Finetuning of Gemma-2 2B for structured output

MIT License


Gemma-2 2B fine-tuned for Structured Data Extraction

This project is a collection of notebook and a simple flask web server to serve Gemma-2 using llama-cpp.

The goal of this project is to fine-tune a model to get a better result on the task of to the task of extracting data into a structured format (JSON).

You will need to provide the output schema in openapi format and the text (context).

⛩️ Project Architecture

The project is divided between notebook for the fine-tuning, quantization and evaluation and python files.

Source Description
➡️ Gemma-2 Finetuning A notebook that shows how tofine-tune and quantize gemma2-2b-it using the unsloth and hugging-face libraries.
➡️ Server A simple flask REST server using llama-cpp with a 4 bit quantized model.
➡️ CI/CD A github action consisting of a formatting/linting step with ruff, testing with pytest and building the docker image.
➡️ Dockerfile A mutlistage dockerfile to build the server with gunicorn.

📊 Details about the Dataset

The different finetuned models can be found in safetensors and GGUF format (4bit, 8bit) on the hugging-face hub at bastienp/Gemma-2-2B-it-JSON-data-extration.

Note: It also gives more details on how to use it with llama-cpp or unsloth.

💻 Installation

Dev setup

Recommended: Use the fast Python package installer and resolver uv from astral.

Alternatively, you can replace this command with pip.
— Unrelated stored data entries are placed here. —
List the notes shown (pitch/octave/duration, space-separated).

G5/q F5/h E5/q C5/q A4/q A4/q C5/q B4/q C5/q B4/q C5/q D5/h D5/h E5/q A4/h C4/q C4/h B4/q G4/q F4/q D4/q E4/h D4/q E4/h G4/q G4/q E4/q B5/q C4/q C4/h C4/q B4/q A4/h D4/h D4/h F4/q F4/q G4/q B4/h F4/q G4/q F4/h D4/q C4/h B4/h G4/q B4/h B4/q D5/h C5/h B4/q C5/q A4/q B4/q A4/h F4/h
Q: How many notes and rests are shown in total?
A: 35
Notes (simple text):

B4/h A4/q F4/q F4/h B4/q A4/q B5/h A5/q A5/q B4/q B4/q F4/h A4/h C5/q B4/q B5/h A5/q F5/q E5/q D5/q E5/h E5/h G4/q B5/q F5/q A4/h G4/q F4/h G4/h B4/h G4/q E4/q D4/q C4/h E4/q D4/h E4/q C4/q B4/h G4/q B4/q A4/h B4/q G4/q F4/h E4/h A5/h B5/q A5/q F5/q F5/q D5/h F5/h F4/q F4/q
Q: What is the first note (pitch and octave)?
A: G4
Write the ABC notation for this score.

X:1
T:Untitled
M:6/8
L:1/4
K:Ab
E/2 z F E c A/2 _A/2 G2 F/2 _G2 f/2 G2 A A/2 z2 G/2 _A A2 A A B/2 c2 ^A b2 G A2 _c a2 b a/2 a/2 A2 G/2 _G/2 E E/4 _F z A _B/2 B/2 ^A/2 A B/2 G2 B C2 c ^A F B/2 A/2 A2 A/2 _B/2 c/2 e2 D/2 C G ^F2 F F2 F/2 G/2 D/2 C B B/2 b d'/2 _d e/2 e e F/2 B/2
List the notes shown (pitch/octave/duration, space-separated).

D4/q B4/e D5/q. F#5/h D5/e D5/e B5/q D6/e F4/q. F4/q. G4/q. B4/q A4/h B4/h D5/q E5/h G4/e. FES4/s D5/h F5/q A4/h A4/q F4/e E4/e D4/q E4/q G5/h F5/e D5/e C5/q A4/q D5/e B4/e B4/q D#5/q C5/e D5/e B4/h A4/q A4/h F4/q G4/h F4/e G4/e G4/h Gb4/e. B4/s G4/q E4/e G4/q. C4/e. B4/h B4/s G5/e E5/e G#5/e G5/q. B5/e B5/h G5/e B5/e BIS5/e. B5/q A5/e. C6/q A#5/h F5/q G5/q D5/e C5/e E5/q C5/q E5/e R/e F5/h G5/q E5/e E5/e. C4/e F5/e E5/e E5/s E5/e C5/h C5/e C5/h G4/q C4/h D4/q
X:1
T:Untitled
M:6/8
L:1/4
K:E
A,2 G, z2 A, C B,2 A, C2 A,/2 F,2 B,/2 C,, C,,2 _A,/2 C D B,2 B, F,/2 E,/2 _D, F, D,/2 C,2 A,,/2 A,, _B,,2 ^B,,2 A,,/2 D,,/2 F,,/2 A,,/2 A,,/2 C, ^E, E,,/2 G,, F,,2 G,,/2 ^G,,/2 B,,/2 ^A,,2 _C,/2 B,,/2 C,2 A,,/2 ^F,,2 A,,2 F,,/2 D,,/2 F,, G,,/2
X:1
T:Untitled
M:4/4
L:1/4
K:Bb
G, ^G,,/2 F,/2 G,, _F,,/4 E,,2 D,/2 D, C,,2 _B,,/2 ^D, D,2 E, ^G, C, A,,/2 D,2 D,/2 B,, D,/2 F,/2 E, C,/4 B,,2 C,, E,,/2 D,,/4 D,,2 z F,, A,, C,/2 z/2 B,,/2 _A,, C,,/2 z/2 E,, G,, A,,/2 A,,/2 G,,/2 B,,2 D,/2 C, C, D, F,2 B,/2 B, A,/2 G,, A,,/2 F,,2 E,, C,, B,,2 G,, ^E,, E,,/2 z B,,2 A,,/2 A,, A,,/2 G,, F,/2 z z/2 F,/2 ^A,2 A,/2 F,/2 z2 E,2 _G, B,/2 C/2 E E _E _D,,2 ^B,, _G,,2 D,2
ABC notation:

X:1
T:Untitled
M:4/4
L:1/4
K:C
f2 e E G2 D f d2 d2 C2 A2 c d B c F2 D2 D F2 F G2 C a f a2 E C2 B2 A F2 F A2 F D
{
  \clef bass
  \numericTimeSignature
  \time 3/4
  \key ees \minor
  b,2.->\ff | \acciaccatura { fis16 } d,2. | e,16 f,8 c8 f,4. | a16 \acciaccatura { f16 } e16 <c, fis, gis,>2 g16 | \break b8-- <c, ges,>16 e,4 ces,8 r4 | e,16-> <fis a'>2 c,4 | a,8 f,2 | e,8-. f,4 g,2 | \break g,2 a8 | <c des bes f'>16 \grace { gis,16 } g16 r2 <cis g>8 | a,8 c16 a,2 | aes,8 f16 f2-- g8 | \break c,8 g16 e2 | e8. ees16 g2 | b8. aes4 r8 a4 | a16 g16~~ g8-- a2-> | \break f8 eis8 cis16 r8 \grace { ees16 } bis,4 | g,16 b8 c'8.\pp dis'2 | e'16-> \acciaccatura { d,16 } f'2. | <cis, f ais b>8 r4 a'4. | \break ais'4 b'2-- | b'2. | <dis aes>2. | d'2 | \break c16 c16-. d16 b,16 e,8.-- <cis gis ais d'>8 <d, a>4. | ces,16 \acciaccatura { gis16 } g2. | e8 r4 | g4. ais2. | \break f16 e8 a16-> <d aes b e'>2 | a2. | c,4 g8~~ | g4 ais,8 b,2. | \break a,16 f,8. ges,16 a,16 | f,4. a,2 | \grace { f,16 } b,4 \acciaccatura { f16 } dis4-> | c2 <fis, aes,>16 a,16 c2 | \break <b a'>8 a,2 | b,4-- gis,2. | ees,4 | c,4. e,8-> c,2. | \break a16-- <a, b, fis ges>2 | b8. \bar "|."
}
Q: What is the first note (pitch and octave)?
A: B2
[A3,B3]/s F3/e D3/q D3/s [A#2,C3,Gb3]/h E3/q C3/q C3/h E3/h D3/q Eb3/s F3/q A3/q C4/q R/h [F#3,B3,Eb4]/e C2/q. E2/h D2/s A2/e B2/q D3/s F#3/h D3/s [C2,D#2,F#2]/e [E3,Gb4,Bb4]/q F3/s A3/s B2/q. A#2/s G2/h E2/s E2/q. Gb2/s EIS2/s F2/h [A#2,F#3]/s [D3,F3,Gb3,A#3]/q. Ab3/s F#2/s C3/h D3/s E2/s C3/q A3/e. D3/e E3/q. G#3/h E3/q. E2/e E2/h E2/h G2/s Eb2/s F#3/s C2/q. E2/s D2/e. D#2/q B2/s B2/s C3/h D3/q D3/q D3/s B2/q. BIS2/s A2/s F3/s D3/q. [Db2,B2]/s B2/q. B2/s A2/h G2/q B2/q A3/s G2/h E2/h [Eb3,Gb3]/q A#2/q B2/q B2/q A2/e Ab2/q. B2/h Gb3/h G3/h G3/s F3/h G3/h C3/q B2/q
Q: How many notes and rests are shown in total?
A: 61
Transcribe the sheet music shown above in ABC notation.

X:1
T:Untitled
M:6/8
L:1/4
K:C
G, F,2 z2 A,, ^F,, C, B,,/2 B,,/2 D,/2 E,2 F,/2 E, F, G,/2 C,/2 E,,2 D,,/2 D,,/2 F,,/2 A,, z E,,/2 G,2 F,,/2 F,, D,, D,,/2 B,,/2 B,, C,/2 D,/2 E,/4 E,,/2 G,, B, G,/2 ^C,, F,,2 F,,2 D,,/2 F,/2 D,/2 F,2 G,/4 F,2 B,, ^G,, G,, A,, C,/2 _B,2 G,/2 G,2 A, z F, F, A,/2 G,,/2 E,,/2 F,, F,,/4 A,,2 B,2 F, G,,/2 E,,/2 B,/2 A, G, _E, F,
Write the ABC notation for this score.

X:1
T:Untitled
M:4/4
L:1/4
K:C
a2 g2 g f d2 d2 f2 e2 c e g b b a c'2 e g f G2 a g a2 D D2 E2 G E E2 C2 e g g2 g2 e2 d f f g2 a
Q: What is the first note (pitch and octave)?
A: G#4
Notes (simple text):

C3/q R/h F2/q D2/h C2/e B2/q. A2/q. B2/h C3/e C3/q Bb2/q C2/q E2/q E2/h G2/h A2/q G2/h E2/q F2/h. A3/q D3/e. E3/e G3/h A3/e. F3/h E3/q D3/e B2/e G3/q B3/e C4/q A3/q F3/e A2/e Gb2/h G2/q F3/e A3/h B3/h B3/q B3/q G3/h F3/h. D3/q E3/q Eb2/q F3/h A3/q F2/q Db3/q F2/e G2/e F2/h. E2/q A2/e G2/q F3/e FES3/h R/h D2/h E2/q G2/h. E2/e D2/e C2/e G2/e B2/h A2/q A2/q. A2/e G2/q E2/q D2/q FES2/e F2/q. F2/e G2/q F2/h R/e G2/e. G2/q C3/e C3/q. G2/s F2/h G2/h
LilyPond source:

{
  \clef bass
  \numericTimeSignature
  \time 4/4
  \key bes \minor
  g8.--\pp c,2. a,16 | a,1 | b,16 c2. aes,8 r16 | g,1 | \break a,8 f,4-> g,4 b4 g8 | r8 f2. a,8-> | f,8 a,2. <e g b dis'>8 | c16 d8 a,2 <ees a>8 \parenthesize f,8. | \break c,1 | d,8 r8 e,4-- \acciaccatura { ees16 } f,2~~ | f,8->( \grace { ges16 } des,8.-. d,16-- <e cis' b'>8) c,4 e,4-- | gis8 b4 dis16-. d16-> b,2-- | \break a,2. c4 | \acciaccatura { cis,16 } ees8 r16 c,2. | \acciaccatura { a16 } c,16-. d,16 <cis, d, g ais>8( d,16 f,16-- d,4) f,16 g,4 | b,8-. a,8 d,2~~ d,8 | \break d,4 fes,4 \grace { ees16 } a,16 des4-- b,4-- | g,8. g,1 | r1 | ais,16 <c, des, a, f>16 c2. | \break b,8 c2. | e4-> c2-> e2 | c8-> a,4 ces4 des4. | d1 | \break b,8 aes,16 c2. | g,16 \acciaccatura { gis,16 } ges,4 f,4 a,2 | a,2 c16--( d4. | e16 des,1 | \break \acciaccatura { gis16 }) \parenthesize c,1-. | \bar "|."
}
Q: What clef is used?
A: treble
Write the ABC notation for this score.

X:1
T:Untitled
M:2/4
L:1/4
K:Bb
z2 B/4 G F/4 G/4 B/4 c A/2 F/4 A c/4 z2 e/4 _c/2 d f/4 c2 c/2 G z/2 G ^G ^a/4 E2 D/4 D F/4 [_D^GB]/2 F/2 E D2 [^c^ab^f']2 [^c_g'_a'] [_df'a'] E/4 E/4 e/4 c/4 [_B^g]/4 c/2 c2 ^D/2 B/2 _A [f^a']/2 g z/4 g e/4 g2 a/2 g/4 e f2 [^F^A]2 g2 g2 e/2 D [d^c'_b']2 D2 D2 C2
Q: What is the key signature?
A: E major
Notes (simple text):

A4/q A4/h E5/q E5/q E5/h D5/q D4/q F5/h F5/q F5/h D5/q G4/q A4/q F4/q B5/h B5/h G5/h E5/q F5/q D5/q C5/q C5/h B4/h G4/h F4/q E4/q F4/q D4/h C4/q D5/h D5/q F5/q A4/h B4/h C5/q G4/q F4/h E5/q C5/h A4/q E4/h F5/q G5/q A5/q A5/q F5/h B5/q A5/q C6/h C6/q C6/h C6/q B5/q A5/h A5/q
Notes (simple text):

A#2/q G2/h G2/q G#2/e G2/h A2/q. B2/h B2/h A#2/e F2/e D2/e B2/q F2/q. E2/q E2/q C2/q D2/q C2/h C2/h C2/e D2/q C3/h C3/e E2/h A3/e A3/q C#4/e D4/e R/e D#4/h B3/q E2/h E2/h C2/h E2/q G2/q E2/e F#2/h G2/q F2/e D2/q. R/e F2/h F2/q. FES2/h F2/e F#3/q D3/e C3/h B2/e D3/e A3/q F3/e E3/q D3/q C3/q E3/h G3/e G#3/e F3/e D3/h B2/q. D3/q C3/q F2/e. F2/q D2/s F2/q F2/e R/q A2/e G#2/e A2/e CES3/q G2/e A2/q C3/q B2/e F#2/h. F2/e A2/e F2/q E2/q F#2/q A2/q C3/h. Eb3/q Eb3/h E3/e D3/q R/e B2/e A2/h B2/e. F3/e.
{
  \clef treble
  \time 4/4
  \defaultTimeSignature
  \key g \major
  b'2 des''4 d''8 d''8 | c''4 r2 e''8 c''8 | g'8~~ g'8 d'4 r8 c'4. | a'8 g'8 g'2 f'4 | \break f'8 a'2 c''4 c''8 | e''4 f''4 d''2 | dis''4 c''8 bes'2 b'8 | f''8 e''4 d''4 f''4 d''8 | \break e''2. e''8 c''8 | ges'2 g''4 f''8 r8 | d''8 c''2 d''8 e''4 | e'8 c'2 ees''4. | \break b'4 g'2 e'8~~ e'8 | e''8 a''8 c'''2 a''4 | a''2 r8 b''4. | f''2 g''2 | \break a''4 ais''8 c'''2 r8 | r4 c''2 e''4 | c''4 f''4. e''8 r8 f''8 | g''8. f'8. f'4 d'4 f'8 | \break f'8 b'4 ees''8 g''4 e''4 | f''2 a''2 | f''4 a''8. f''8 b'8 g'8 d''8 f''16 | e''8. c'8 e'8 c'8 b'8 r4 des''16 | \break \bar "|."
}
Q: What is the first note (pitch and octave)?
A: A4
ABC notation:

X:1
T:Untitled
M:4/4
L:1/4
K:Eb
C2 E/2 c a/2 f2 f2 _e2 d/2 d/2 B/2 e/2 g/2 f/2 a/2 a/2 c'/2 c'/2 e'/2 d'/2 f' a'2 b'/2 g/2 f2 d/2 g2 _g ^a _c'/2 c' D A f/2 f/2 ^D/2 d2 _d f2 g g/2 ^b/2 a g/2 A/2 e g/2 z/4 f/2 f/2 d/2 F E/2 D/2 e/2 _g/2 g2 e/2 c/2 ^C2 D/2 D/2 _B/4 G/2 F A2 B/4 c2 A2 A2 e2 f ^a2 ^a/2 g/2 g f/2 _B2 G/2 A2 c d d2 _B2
You can find the documentation for installing uv here.

  1. Sync the dependencies with uv
uv venv .venv
source .venv/bin/activate
uv sync --all-extras --dev # in addition it adds pytest and ruff 
  1. Launch a flask dev server
flask --app src.web.app run --debug

To reproduce the fine-tuning, the easiest way is to use Google Collab (the free version is sufficient).

  1. Run the tests (API testing)

Note: An example of how to call the API and the prompt format can be found in examplesexample_api_call.py.

👥 Deployment setup

In order to deploy the model the easiest way to go is to use the provided docker image.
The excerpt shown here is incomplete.